Надо сказать, что Герцен был вовсе не единственным революционером, которому образ Александра II особенно на мрачном фоне его покойного батюшки Николая I показался поначалу привлекательным. Что уж говорить о Герцене в его чужи, если такой яростный революционер в самой России, как Серно-Соловьевич, представил на одобрение царю свою записку об освобождении крестьян собирался ему же послать свой проект конституции.
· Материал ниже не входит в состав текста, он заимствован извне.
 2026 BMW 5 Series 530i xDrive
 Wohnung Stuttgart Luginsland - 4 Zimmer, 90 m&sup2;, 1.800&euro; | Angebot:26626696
Этого романтического увлечения фигурой царя-освободителя не избежал и старый заговорщик Бакунин, писавший: «Редко царскому дому выпадала на долю такая величавая, такая благородная роль…»

Правда, Чернышевский в своих письмах к Герцену пытался разрушить его иллюзии о добрых намерениях царя: «Не убаюкивайтесь надеждами и не вводите в заблуждение других, помните, что сотни лет губит Русь вера в добрые намерения царя».
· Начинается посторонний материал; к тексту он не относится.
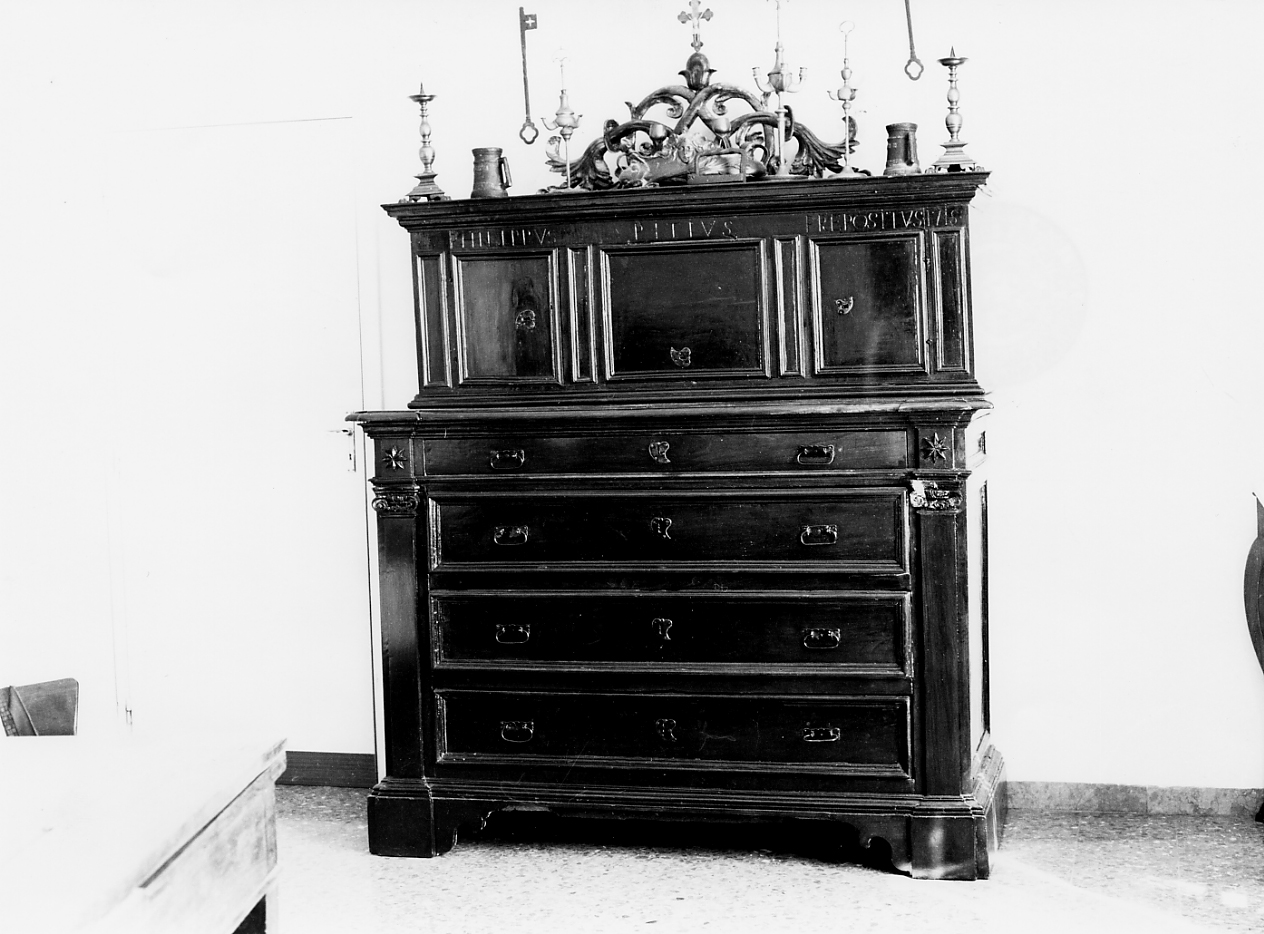 mobile - ambito Italia centrale (sec. XVIII)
Так-то оно так. Но ведь и сам Чернышевский на какой-то миг поддался этим иллюзиям, когда в своих «Письмах без адреса» обращался к Александру II по поводу предполагаемой конституции.

Конечно, письма Герцена к царю и сейчас вызывают чувство протеста и воспринимаются как заблуждение, пусть временное, его мощного духа, как измена, пусть невольная, его благородным убеждениям, и о них писал Ленин, что их «нельзя теперь читать без отвращения». Впоследствии, разочаровавшись в личности царя, поняв, что, освобождая крестьян, он действовал по принципу «отдай палец, чтобы не отхватили руку», Герцен утверждал, что, обращаясь к царю, он, в сущности, обращался не к нему. Он приводил в доказательство письмо итальянского революционера Маццини к папе римскому Пию IX. Действительно, Маццини, неизменный объект восхищения Герцена, официально-то обращался к папе, но, в сущности, ко всей прогрессивной и революционной Италии. Папа не ответил, но по истинному адресу письмо дошло, и демократическая Италия ответила Маццини делом, то есть взрывом революционного движения за объединение страны. Аналогия эта, бесспорно натянутая, не пригодилась Герцену, ибо в России обращение к царю со стороны левой общественности производило эффект, равный ударам в подушку.